Sinnvoll wäre es auch, die dezentrale und unsichere Speicherung von Patientendaten auf der Gesundheitskarte durch eine elektronische Patientenakte zu ersetzen. Sie würde die gesundheitsrelevanten Daten jedes Bürgers in dessen Eigentum zusammenführen. Der Bürger hätte die alleinige Zugriffskompetenz bei höchsten Sicherheitsstandards. Bei schweren Unfällen könnten von ihm freigegebene Notfalldaten schon im Krankenwagen abgerufen werden, was unter Umständen Menschenleben rettet: Bevor der Patient im Krankenhaus eintrifft, weiß das medizinische Personal bereits, was zu tun ist, welche Medikamentenunverträglichkeiten und welche Vorerkrankungen bestehen.

Entscheidend ist aus Gründen der Datensicherheit, dass der eigenverantwortliche Patient bei seiner elektronischen Patientenakte stets die volle Kontrolle über seine gesamten Gesundheitsdaten behält. Nur er entscheidet darüber, wer in welchem Umfang Zugriff auf seine Daten hat.

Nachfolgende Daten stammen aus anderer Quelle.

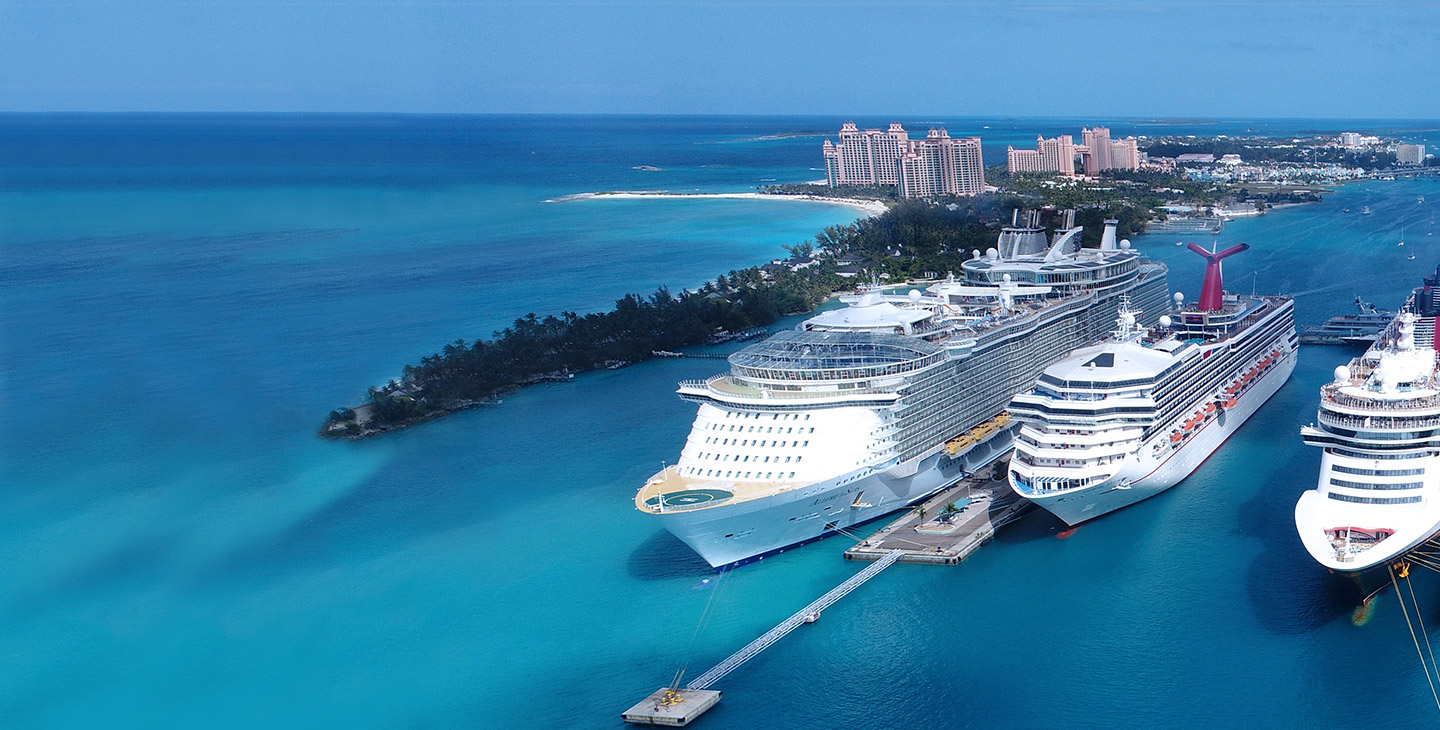 Passenger cruise ships equipped with boat internet docked near an island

Alle Gesundheitsdaten müssen von allen behandelnden Ärzten auf einem Server bereitgestellt werden; sie dürfen auch nur dort gespeichert werden. Jeder Log-in und jeder Datenexport darf nur mit persönlicher Identifikation des Arztes, der Krankenschwester oder des Pflegers möglich und muss für den betroffenen Patienten mit einem Klick sichtbar sein. Der Patient hätte sodann, auch nachdem er die Freigabe zur Dateneinsicht erteilt hat – im Gegensatz zur klassischen Krankenakte – die Kontrolle darüber, wer tatsächlich Einsicht genommen hat. Gleichzeitig muss sichergestellt werden, dass diese Daten nicht dem Zugriff der Krankenkassen und Versicherungen ausgesetzt werden. Denn dies birgt die Gefahr, dass sie ihre Tarifstrukturen gezielt auf der Grundlage dieser Daten ausrichten.

Um vom digitalen Fortschritt zu profitieren, brauchen wir neben den technischen Voraussetzungen schnellstens eine Politik, die die notwendigen politischen und rechtlichen Weichenstellungen vornimmt. Dann kann jeder an der Entwicklung teilhaben und wird gleichzeitig effektiv vor Missbrauch geschützt. Denn die digitale Entwicklung darf die persönliche Freiheit des Einzelnen nicht einschränken – sie muss ihr dienen.

Dafür brauchen wir einen Mentalitätswechsel bei der weitverbreiteten Skepsis gegenüber technischen Neuerungen in Gesellschaft und Politik: Wir dürfen die Digitalisierung nicht zuerst als Risiko, sondern müssen sie vor allem als Chance für den Menschen sehen. Chance auf mehr Freiheit, auf effektiveren Datenschutz, für weniger Bürokratie, auf eine Optimierung aller möglichen Lebensbereiche.

Deshalb kommt es darauf an, dass wir diese Entwicklungen für alle transparent machen und dass Entscheider, auch Politiker, sich bereits heute mit den Fragen von morgen beschäftigen, damit wir übermorgen auch alle Chancen nutzen können. Gerade die Chance, mit neuen Technologien die informationelle Selbstbestimmung der Bürger sicherzustellen.